The rational design of photocatalyst that can effectively reduce CO₂ under visible light (l>400 nm), and simultaneously precise control of the products syngas (CO/H₂) ratio is highly desirable for the Fischer-Tropsch reaction. In this work, we synthesized a series of CeO₂-decorated layered double hydroxides (LDHs, Ce-x) samples for photocatalytic CO₂ reduction. It was found that the selectivity and productivity of CO and H₂ from photoreduction of CO₂ in conjunction with Ru-complex as photosensitizer performed an obvious “volcano-like” trend, with the highest point at Ce-0.15 and the CO/H₂ ratio can be widely tunable from 1/7.7 to 1/1.3. Furthermore, compared with LDH, Ce-0.15 also drove photocatalytic CO₂ to syngas under 600 nm irradiation.
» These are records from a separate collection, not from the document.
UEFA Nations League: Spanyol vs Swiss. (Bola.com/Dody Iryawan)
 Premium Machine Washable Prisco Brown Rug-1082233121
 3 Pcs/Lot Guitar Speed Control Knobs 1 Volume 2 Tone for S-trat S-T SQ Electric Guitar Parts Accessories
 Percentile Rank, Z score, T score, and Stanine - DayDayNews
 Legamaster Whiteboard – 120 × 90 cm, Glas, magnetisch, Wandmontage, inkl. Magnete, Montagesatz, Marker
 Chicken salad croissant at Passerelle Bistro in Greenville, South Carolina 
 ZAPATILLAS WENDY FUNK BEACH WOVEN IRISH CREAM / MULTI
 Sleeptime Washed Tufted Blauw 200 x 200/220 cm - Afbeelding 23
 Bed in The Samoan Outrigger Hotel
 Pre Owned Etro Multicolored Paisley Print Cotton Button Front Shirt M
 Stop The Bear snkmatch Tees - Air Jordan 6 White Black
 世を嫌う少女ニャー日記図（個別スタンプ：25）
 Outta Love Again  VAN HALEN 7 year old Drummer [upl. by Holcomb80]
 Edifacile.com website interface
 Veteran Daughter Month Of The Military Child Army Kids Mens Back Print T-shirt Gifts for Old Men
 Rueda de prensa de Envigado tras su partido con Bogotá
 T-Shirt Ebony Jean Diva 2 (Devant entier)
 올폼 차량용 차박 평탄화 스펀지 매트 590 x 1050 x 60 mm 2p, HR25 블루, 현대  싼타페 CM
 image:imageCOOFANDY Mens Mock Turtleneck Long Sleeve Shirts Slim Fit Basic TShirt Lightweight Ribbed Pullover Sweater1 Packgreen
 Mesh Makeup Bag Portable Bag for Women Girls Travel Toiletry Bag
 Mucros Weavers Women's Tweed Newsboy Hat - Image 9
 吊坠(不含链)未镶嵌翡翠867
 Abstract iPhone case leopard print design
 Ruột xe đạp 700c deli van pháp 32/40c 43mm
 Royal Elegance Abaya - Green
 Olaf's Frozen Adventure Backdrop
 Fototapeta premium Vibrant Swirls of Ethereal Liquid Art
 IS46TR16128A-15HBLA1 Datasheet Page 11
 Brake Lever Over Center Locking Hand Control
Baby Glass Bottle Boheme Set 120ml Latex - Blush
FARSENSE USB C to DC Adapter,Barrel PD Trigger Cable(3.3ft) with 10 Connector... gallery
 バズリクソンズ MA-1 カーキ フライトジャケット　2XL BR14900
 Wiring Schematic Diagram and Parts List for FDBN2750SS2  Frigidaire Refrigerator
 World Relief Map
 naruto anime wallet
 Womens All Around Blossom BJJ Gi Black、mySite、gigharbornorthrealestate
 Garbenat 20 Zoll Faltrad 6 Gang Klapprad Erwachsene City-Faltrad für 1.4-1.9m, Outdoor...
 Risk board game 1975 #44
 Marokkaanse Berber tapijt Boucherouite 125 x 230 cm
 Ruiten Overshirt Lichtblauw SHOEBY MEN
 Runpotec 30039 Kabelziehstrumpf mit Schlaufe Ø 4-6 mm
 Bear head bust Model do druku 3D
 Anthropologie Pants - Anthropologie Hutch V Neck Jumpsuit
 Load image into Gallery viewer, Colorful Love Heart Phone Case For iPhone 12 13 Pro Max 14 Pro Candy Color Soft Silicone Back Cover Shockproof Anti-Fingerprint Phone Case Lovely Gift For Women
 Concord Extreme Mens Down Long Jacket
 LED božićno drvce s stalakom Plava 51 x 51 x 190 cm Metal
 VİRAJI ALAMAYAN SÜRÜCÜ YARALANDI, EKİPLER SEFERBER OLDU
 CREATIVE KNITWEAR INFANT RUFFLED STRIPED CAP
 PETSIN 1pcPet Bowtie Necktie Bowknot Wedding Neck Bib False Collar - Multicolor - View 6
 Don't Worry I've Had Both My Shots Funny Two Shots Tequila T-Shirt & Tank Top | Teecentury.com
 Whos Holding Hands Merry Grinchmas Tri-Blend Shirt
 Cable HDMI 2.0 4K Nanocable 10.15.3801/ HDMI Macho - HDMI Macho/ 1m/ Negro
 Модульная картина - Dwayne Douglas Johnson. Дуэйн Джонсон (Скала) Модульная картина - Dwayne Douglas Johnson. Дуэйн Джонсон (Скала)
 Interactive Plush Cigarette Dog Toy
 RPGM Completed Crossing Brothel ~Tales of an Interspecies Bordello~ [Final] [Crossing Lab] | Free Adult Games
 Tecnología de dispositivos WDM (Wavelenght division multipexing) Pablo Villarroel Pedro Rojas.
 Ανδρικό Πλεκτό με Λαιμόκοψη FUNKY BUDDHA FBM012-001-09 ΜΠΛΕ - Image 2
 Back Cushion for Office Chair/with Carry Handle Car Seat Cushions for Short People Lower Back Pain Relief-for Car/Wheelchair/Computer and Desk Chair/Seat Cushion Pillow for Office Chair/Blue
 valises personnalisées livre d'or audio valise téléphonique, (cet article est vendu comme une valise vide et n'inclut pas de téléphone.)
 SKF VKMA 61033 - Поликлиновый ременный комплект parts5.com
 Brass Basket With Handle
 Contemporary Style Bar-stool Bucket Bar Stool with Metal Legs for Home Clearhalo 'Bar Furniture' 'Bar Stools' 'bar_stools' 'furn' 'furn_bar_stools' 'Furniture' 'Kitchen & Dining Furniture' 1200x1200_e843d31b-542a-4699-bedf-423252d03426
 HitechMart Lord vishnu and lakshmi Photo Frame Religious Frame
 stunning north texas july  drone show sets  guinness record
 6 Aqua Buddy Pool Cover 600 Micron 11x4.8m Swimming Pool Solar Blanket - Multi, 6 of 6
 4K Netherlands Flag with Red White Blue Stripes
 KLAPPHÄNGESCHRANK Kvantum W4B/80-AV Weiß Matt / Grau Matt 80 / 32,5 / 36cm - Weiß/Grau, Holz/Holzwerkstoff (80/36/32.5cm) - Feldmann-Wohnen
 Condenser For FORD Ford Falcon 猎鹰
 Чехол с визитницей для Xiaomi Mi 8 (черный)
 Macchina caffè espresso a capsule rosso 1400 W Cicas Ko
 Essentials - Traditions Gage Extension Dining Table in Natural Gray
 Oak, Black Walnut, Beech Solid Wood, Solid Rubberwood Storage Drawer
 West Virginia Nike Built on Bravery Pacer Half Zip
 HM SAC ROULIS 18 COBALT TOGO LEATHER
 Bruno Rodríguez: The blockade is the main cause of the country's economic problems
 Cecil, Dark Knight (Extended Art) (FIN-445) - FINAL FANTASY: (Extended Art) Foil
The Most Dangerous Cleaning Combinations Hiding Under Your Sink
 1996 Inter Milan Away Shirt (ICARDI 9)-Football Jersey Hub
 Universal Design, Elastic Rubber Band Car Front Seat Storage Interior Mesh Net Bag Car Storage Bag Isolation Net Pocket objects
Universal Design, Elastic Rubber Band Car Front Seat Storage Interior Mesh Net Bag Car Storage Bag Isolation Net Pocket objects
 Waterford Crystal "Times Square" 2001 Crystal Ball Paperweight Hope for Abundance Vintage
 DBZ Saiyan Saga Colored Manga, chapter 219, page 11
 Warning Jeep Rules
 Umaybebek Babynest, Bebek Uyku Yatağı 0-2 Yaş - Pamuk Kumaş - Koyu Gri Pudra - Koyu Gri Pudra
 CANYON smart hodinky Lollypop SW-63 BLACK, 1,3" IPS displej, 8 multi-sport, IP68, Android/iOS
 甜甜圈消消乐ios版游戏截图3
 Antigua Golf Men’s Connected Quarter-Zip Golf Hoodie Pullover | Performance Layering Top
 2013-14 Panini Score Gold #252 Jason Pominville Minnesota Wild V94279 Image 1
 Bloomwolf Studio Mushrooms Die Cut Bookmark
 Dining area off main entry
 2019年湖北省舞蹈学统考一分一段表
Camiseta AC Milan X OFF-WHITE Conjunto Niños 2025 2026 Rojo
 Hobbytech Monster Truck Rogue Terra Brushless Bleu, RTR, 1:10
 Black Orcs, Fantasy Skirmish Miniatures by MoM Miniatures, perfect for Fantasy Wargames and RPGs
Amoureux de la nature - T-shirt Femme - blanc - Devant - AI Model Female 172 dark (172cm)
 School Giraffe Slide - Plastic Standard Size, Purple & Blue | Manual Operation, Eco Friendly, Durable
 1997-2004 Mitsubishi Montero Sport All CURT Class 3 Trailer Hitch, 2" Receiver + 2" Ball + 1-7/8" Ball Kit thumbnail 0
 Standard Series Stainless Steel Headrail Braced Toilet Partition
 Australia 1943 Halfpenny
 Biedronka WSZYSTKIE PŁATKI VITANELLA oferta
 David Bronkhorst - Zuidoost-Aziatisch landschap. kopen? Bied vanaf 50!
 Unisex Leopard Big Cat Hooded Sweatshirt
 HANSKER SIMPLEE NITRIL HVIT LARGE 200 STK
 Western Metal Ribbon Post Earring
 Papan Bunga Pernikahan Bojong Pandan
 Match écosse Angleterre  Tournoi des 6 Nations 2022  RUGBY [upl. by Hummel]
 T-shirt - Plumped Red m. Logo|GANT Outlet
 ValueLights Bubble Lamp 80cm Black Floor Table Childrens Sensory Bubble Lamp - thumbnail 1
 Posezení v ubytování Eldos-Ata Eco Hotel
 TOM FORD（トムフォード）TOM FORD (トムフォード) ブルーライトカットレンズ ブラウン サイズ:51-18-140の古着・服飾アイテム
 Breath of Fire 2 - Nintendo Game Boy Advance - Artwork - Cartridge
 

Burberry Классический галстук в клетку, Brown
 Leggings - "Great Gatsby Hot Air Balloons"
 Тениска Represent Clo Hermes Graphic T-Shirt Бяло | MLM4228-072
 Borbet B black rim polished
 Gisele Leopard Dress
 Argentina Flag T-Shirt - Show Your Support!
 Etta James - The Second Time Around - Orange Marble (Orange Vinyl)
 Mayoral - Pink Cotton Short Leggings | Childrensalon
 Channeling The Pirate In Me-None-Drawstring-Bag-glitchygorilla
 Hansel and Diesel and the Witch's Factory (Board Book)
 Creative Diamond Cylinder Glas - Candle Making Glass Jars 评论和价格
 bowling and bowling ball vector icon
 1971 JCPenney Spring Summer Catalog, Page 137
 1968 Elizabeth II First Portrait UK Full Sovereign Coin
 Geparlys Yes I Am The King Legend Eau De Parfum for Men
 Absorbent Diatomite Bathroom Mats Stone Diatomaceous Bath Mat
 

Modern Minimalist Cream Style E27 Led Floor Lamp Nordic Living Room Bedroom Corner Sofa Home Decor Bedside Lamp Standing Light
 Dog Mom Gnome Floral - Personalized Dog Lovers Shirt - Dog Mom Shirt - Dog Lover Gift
It implied that an optimum amount of CeO₂ modifying LDH promoted the photoreduction of CO₂ to syngas. This report gives the way to fully utilize the rare earth elements and provides a promising route to enhance the photo-response ability and charge injection efficiency of LDH-based photocatalysts in the synthesis of syngas with a tunable ratio under visible light irradiation.